II. CONSTITUTIONAL REMEDIES: SECTION 1983 AND RELATED DOCTRINES
A. Statutory framework à 42 U.S.C. § 1983
Every person who, under color of any statute, ordinance, regulation, custom, or usage, of any State or Territory or the District of Columbia, subjects, or causes to be subjected, any citizen of the United States or other person within the jurisdiction thereof to the deprivation of any rights, privileges, or immunities secured by the Constitution and laws, shall be liable to the party injured in an action at law, suit in equity, or other proper proceeding for redress, except that in any action brought against a judicial officer for an act or omission taken in such officer’s judicial capacity, injunctive relief shall not be granted unless a declaratory decree was violated or declaratory relief was unavailable. For the purposes of this section, any Act of Congress applicable exclusively to the District of Columbia shall be considered to be a statute of the District of Columbia.
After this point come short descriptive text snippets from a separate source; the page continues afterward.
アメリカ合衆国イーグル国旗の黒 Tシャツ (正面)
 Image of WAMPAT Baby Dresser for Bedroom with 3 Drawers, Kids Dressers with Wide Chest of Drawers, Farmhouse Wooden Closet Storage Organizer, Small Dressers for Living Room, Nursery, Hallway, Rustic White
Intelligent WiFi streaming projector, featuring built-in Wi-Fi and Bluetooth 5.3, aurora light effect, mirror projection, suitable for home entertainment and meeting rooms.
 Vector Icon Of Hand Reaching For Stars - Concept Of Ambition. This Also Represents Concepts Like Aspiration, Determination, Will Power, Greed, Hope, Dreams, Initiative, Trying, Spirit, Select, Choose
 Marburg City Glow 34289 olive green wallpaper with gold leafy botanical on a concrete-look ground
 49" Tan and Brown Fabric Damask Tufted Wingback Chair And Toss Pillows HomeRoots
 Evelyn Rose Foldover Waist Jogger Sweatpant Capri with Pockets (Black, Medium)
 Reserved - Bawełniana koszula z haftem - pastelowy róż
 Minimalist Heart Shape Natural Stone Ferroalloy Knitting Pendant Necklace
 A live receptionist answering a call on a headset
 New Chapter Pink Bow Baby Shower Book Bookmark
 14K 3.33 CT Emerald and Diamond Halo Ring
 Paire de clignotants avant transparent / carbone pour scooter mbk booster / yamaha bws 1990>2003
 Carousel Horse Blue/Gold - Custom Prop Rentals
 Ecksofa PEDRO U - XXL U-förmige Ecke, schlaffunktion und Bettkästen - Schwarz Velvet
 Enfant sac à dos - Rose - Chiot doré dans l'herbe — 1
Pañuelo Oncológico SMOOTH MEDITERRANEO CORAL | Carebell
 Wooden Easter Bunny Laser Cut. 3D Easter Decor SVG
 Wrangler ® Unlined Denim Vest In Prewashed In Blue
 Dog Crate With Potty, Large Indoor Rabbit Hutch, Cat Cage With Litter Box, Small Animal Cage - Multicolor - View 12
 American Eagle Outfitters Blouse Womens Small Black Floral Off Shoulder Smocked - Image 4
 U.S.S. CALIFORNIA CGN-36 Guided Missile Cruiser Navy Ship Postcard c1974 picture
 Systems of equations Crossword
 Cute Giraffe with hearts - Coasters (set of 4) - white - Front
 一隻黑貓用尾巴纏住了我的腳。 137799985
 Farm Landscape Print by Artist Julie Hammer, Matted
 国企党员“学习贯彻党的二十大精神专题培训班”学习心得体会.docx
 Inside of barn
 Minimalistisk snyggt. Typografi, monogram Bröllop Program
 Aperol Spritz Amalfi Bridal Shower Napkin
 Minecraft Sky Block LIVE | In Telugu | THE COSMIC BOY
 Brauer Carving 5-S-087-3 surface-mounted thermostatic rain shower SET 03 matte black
1. Elements of a cause of action.
a. Natural person
b. Violation à Deprivation of rights
c. Federal constitutional or statutory rights
d. Under color of state law
i. Includes actual authority as well as “custom” and “usage”
2. POLICY
a. Override state law
b. Provide remedy when state remedy is inadequate
c. Provide a federal remedy when state courts provide a remedy in theory but not in practice.
d. Allows post hoc review, where has previously only injunctions were available.
3. Establishes legal remedy for constitutional wrongs. Two ways to allege violation of constitutional wrong.
a. As ∆, can raise constitutional defense.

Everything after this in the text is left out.